Three of the ExE regional schemes are currently managed by Remploy, the disability employment business which was previously owned by the government but is now mostly owned by Maximus.
But Remploy/Maximus is now about to lose all its ExE contracts, with a new single national contract worth £11.4 million over three years awarded instead to a consortium headed by the charity Choice Support, which currently runs the other regional contract and will take over the whole scheme from 1 April.
Choice Support will be working with organisations representing local communities, including small social enterprises and user-led organisations.
There had always been concerns about the decision in late 2015 to award the three regional contracts to an organisation mostly owned by Maximus, which already had a huge chunk of Department for Work and Pensions contracts and had a lengthy record of discrimination, incompetence and alleged fraud in the US.
Disability News Service (DNS) has been reporting on concerns about Remploy’s poor ExE performance since it began work on the contracts in early 2016, with initial reports of confusion, cutbacks and a stream of resignations, and some Remploy ExEs even being told to print their own ID badges.
It then emerged that Remploy had lied about the involvement of user-led organisations in the contracts.
Remploy/Maximus also cut the pay of ExEs to £9 an hour after it took over the contracts, while Choice Support paid its own ExEs £15 an hour in the central region, and will continue to do so for all ExEs across England.
A group of 30 current and former ExEs wrote to CQC repeatedly with evidence of Remploy’s poor performance.

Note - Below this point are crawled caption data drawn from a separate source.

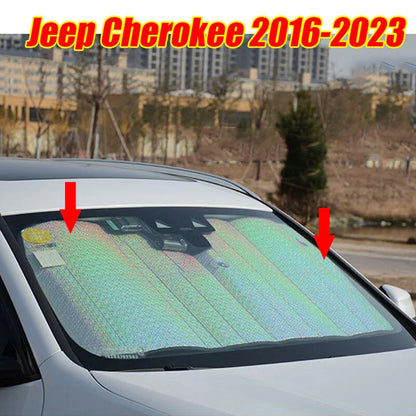 Front Windshield Sun Shade for Jeep Cherokee (2016–2023)
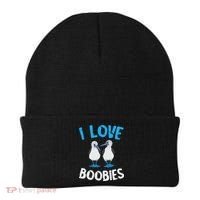 Blue Footed Booby I Love Boobies Blue Footed Booby Lover Beanie thumb 0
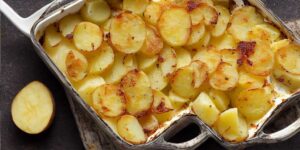 Kartoffelgratin mit Rohen Kartoffeln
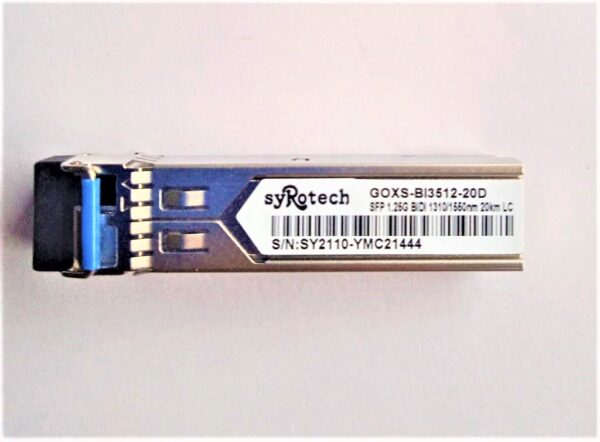 Syrotech 1.25G Bidi SFP 20 KM (1 Pair)-GOXS Bi3512-20D andGOXS-Bi5312-20D) - Image 2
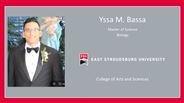 Yssa M. Bassa - Master of Science - Biology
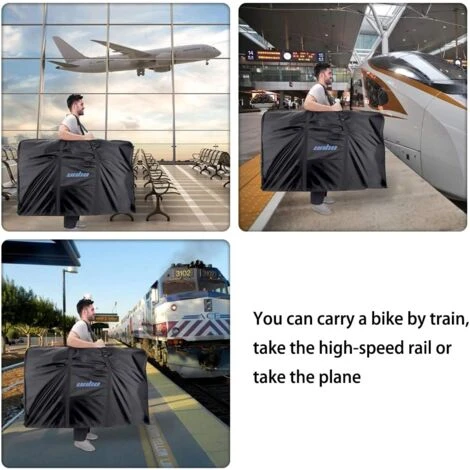 Sacchetto Di Trasporto Della Bici, Borsa Per Bicicletta Pieghevole 1680D Borsa Da Viaggio Per Bici 130 X 25x 82cm 2 Sacchetto Di Trasporto Della Bici, Borsa Per Bicicletta Pieghevole 1680D Borsa Da Viaggio Per Bici 130 X 25x 82cm - immagine 2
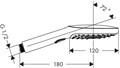 26520400 Raindance Select Ручной душ Raindance Select 120 Air 3jet, ½ 26520400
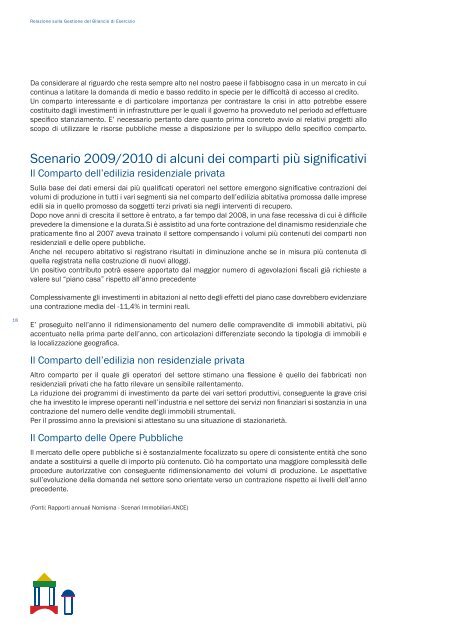 Bilancio Esercizio 2009 e Bilancio Consolidato - Sansedoni Spa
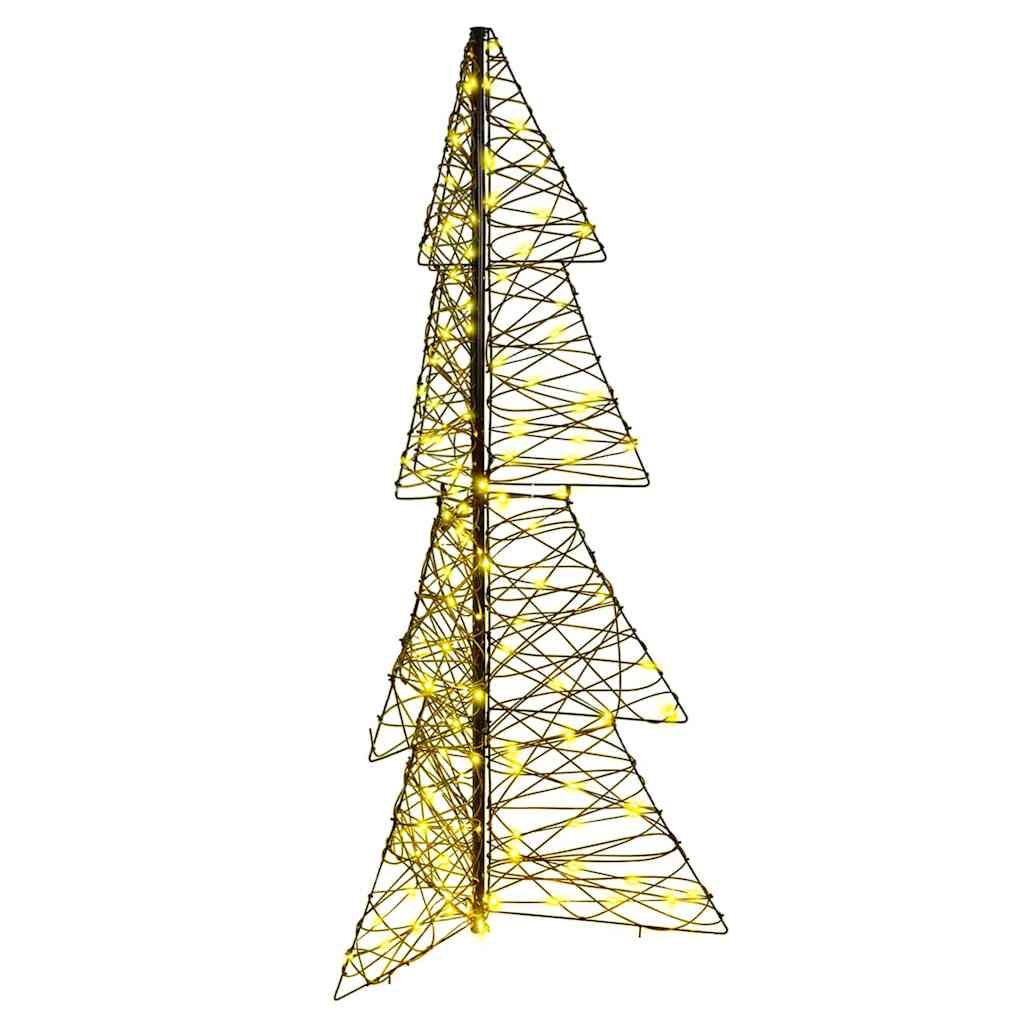 Kalėdų eglutė su 160 LED Šilta balta 150 cm Ratanas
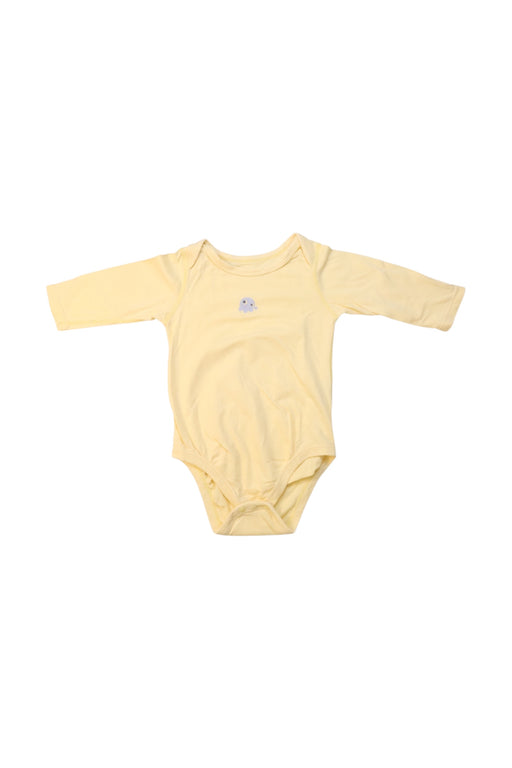 A Yellow Long Sleeve Bodysuits from Balabala in size 3-6M for girl. (Front View)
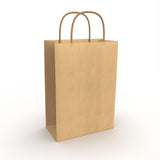 Bolsas de papel con asas retorcidas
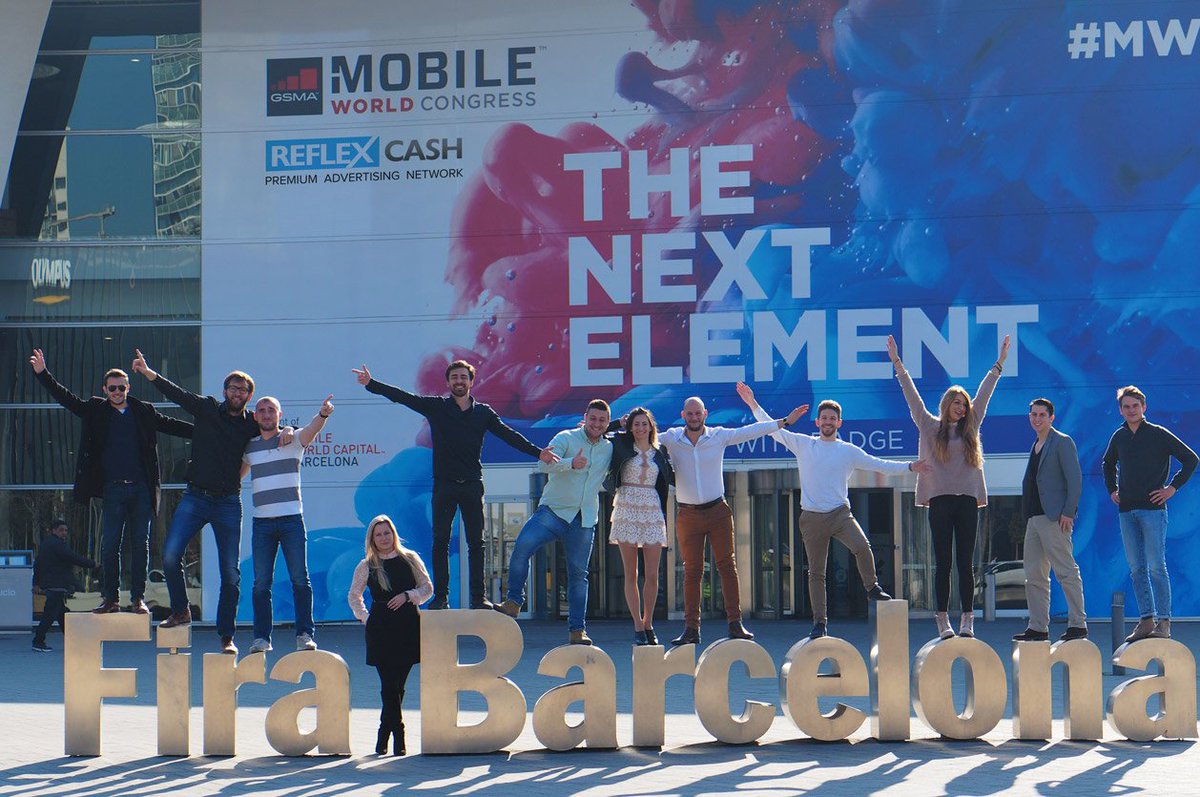 reflexaff's tweet photo. #MWC17 is almost here! Our office is just across from the main entrance, feel free to visit ☕🍺 @torrerealia #reflexcash #oneteam #firaeuropa https://t.co/evvzNtjSva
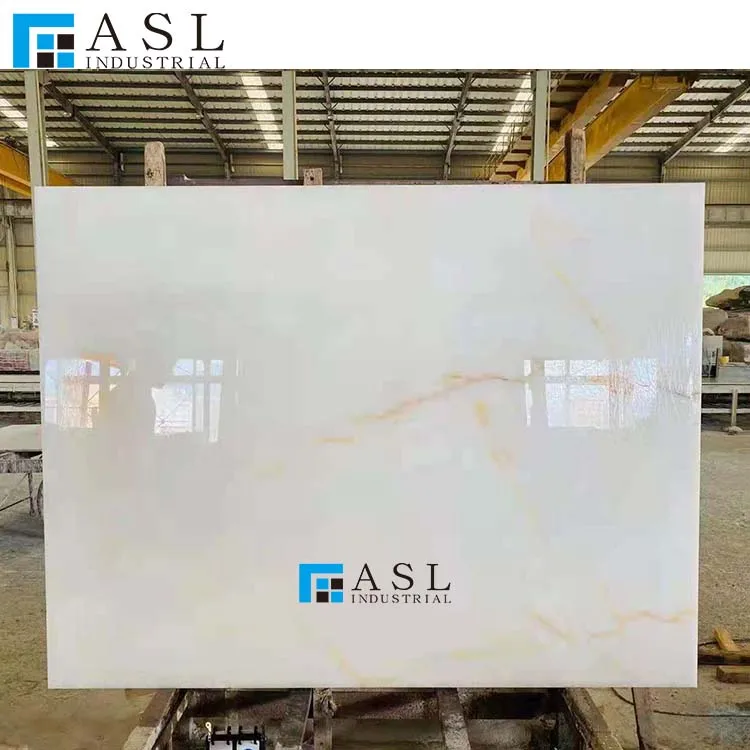 Backlit White Onyx Wall Panels, Pure White Onice,Onix Bianco For Coffee Table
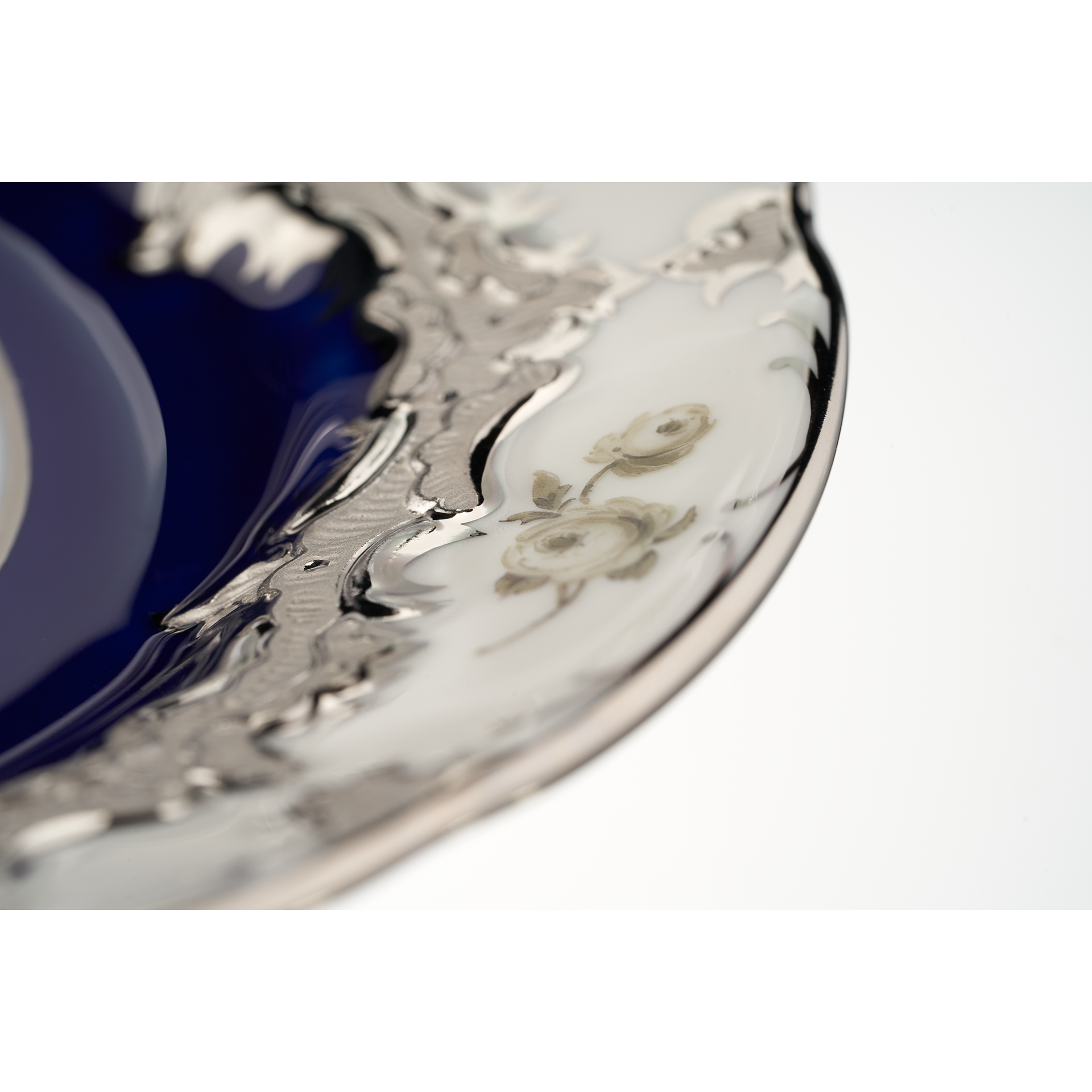 B-FORM 비폼 플라워 플래티넘 플레이트 (S)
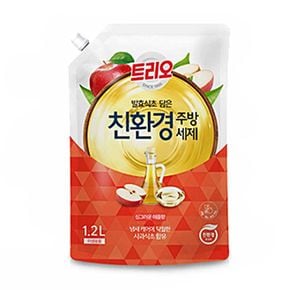 트리오 발효식초애플 1.2L 리필 주방세제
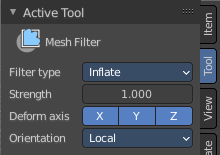 Tool Settings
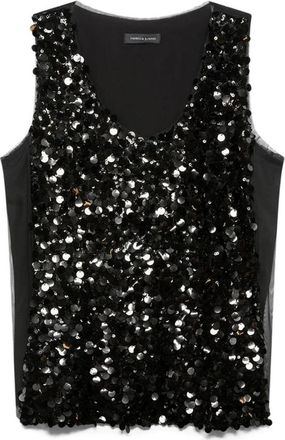 Fiorella Rubino Sleeveless Tops - Dames - Tops zonder mouwen - Zwart - XL - Tule - Tops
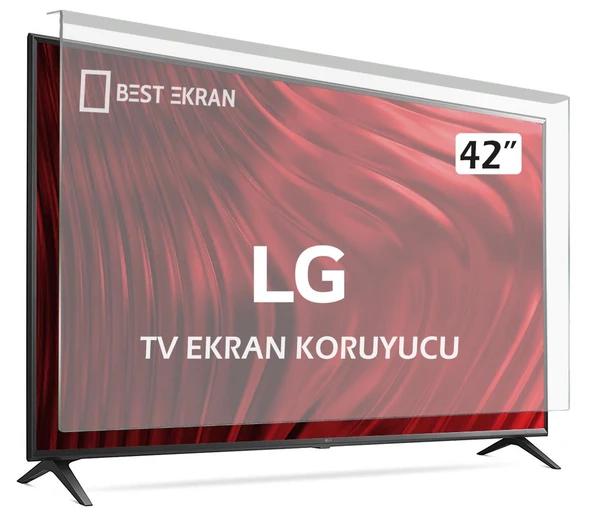 LG 42LB730V TV EKRAN KORUYUCU - LG 42" inç 106 Ekran Şeffaf Koruma paneli ürün görseli 1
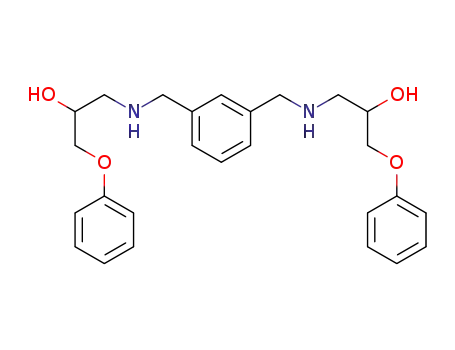 Molecular Structure of 85187-40-2 (1,1'-[m-phenylenebis(methyleneimino)]bis[3-phenoxypropan-2-ol])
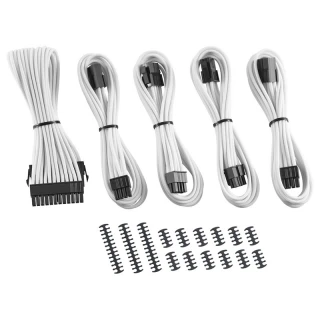 Zestaw przedłużaczy CableMod Classic ModMesh 8+8 Series - white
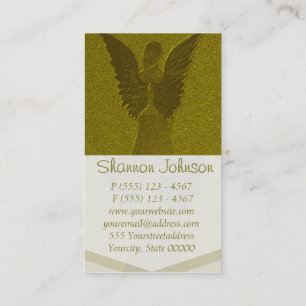 Golden Guardian Angel Business Card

In a 2018 letter to the regulator’s board, they described it as “poor, ineffective, chaotic, unfair, reactive and damaging to Experts, but more importantly, a disservice to people who use health and social care services”.
They accused Remploy of failing to ask for references when employing ExEs, providing poor induction and training, failing to offer feedback to ExEs, and asking them to travel more than 50 miles to inspections.
The process of tendering for the new contract had to be abandoned and restarted when only two organisations – Remploy and the Choice Support consortium – were willing to enter detailed negotiations.
And last month, a fresh scandal saw CQC forced to re-inspect scores of services after it emerged that two Remploy ExEs and a specialist advisor had been simply cutting and pasting comments from past inspections to use in their reports.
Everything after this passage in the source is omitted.